OLIVEIRA - Isso é outro mistério,
porque eu próprio não sei. O
que sei é que existe um sentimento religioso, que não corresponde a nenhuma igreja, é
um sentimento nato.
FOLHA - E a vida cotidiana, como se
sente nas tarefas do dia-a-dia afastado do seu set cinematográfico?
OLIVEIRA - Eu tenho uma família numerosa e unida à minha
volta: mulher, filhos, netos e
bisnetos! E não é fácil equilibrar esse lado familiar com o cinema, que me rouba tempo e
energia. Mas gostava de deixar
tudo em ordem para eles não
terem complicações.
FOLHA - Costuma dizer que a direção lhe dá prazer. Que significa esse
"prazer"?
OLIVEIRA - Eu acho que criamos
para contar aquilo que nos impressiona. E por que contamos? Por prazer? Por necessidade de nos libertarmos daquilo que está na nossa consciência? Existe um impulso interior
de contar, uma necessidade,
não é simplesmente o prazer
pelo prazer, é uma necessidade
de libertação.
FOLHA - É um diretor muito produtivo, há quase três décadas que faz
um filme por ano. Em 2006-2007 foram dois, "Belle Toujours - Sempre
Bela" e "Cristóvão Colombo". Como
lhe surge a idéia de um filme?
OLIVEIRA - No caso de "Belle
Toujours" não era possível fazer a continuação de "Belle de
Jour" [A Bela da Tarde], de Buñuel. A idéia surgiu de uma lágrima no rosto do protagonista
e de uma dúvida: será que o segredo foi revelado?
Noutros filmes, não posso
explicar, acontece, vem por
acaso, se é que alguma coisa
vem por acaso ou se tudo não
está já determinado.
FOLHA - E a sua relação com o público, melhorou?

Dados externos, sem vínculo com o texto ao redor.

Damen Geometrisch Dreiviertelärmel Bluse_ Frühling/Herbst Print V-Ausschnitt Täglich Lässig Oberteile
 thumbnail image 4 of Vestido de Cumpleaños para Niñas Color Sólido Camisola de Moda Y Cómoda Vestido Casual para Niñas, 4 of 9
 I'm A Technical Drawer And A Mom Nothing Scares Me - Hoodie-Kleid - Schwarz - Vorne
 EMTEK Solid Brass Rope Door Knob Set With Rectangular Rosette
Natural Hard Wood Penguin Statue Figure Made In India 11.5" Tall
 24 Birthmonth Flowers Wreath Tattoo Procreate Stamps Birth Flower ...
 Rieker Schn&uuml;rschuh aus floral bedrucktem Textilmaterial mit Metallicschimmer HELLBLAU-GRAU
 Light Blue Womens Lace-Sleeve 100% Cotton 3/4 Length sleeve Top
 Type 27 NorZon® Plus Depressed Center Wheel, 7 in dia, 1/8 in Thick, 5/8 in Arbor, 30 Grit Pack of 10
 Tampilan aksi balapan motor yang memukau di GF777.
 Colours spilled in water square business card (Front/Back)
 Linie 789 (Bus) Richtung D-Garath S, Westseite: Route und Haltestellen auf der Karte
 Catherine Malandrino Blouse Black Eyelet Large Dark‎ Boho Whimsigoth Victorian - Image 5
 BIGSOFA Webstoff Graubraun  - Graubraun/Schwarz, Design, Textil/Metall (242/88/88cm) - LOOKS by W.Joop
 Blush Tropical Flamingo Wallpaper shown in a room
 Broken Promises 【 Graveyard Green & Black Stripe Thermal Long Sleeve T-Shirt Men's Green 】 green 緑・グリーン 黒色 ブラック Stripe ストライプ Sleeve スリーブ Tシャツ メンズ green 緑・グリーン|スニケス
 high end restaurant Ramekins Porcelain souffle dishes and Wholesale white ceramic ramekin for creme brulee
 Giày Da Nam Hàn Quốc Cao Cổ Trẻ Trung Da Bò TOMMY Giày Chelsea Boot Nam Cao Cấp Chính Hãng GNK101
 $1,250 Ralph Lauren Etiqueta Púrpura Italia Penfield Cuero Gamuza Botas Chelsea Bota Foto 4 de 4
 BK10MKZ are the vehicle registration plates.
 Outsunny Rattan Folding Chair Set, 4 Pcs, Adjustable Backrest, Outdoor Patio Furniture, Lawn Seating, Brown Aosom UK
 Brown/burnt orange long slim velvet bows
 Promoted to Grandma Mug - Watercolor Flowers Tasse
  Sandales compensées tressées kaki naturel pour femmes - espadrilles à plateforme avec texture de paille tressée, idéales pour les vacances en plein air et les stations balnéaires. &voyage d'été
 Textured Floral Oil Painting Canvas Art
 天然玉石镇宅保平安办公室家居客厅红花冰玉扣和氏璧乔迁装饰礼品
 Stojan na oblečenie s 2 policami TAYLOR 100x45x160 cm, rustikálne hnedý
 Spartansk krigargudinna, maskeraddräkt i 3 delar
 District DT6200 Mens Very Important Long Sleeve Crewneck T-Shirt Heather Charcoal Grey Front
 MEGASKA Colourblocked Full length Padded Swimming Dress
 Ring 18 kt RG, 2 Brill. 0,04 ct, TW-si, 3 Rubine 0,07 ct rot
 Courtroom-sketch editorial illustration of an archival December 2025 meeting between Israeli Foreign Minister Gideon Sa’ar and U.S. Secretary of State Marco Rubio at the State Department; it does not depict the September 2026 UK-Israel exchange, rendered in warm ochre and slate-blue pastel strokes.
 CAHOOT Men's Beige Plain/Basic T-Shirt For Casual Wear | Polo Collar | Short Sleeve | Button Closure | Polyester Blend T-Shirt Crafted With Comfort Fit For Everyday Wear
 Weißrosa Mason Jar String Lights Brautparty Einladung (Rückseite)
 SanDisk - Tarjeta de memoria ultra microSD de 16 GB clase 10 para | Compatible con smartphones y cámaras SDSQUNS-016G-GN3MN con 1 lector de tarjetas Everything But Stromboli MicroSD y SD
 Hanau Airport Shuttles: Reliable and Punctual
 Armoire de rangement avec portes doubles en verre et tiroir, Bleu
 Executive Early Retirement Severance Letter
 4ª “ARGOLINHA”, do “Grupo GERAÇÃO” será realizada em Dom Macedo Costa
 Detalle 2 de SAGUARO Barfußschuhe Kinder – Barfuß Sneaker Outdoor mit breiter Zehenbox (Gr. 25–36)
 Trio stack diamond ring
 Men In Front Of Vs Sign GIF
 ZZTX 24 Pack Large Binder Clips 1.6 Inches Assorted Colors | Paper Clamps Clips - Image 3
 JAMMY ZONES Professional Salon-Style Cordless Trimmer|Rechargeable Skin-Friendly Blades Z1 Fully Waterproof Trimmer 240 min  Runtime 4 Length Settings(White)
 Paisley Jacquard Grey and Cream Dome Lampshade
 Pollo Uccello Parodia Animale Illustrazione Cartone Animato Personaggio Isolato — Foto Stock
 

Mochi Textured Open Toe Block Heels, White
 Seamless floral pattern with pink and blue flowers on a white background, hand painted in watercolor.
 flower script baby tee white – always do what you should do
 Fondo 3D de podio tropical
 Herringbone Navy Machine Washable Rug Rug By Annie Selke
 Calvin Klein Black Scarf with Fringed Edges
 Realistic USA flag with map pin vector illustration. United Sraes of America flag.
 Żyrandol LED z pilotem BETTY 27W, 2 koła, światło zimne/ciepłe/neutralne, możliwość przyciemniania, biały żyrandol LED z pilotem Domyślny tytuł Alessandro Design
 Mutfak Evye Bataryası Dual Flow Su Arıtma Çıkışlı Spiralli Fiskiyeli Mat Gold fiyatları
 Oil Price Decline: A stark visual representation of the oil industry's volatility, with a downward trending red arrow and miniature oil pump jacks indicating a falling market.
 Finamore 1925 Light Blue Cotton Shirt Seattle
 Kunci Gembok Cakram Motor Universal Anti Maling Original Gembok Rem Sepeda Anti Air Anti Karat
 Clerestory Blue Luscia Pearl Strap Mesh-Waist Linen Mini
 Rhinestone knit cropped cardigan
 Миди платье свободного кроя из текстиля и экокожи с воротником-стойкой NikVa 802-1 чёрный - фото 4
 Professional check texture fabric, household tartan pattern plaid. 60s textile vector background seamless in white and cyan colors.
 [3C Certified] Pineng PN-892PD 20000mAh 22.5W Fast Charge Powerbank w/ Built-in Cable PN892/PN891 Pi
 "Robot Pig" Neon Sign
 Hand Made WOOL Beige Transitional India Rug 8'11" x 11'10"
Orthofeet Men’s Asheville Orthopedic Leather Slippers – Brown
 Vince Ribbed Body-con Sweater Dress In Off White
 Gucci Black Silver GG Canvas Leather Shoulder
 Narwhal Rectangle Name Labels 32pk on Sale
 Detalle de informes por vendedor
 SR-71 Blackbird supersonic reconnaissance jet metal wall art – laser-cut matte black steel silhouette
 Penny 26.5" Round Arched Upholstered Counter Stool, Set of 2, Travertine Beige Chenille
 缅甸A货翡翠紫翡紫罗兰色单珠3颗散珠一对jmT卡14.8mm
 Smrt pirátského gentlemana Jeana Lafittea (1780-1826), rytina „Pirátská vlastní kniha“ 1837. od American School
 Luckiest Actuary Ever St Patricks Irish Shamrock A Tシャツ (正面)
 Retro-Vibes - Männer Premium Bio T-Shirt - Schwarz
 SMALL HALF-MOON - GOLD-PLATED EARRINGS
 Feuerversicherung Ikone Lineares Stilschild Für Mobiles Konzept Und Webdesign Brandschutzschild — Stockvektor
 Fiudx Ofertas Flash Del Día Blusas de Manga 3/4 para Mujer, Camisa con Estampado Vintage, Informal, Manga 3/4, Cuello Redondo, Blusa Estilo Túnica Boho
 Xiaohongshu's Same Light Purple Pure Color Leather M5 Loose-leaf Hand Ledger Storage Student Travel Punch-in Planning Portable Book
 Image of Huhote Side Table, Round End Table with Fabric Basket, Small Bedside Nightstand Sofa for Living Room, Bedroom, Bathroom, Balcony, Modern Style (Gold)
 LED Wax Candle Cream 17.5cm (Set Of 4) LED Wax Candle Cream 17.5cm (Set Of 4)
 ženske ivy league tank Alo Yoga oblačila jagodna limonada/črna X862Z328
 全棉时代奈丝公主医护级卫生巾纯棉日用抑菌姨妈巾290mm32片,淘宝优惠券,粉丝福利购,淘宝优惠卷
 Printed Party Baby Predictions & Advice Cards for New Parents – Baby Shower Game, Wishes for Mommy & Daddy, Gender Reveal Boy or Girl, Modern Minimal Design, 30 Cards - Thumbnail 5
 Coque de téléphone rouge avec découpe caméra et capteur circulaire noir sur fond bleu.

OLIVEIRA - Não há público ideal.
Nada há de mais consolador para qualquer artista que a compreensão do seu trabalho. Porque o espectador completa o filme. Há muita coisa que é subconsciente no diretor, mas cada
espectador interpreta à sua
maneira e enriquece o filme.
FOLHA - E com os atores? Que tipo
de relação estabelece com eles?
OLIVEIRA - A única pessoa com
quem sou um tirano é comigo
mesmo. Com os atores, não. Eu
compreendo a complexidade
dos atores e valorizo muito a
espontaneidade deles. Faço as
marcações, mas raramente intervenho porque sei que o que
vier deles é o melhor.
FOLHA - O seu novo filme nos traz
Cristóvão Colombo. É um enigma
fascinante?
OLIVEIRA - Sem dúvida, porque
vários países europeus -a Itália, a Espanha e agora Portugal,
embora todos sem comprovação- o reclamam como seu.
Mas não estou interessado
na alegada identidade portuguesa de Colombo, o filme não
é patriótico nem romântico
nem preocupado com o heroísmo do personagem, ligado aos
descobrimentos peninsulares.
Interesso-me pelo lado mais
histórico, pela origem das coisas, da globalização corrente
como casamento entre sociedades várias.
FOLHA - Tem medo de que sua veia
artística se possa esgotar?
OLIVEIRA - Furor tenho de sobra! Assim me sobrassem os
meios para fazer filmes contra
a corrente, de resistência, não
com sexo pelo sexo, violência
pela violência, mas filmes pausados, mais serenos, reflexivos.
FOLHA - O Manoel é o decano dos
diretores. Qual é o seu lugar na história do cinema?
OLIVEIRA - O cinema é uma árvore frondosa, e cada diretor
acrescenta apenas uma folha
mais. E eu, como as árvores,
gostaria de morrer de pé. Gostaria de morrer a filmar.